__WHAT YOU SHOULD DO__. Write out the data below exactly, beginning with the first line and ending once the line that has "Set Of 2 Front" is written.

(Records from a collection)
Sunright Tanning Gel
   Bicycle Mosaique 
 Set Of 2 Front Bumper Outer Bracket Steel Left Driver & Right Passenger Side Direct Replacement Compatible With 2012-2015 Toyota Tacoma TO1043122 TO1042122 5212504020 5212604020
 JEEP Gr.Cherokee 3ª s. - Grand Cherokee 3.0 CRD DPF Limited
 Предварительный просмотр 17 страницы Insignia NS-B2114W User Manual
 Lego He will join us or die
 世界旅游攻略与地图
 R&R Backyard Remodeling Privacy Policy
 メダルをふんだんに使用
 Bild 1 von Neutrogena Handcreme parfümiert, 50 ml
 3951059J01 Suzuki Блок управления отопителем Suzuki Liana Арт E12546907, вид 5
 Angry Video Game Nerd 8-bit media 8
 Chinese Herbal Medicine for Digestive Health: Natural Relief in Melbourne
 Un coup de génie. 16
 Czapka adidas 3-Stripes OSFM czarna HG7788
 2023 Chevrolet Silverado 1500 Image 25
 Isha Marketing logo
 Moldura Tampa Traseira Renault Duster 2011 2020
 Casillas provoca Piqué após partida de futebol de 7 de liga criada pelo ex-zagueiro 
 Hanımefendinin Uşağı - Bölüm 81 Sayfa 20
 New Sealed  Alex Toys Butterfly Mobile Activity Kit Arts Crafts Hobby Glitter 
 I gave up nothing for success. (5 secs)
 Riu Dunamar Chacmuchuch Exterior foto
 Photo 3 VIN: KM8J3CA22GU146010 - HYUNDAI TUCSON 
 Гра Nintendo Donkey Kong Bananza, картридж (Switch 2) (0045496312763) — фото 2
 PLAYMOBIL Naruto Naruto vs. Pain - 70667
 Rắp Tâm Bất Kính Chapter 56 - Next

__TASK RESPONSE__.
Sunright Tanning Gel
   Bicycle Mosaique 
 Set Of 2 Front Bumper Outer Bracket Steel Left Driver & Right Passenger Side Direct Replacement Compatible With 2012-2015 Toyota Tacoma TO1043122 TO1042122 5212504020 5212604020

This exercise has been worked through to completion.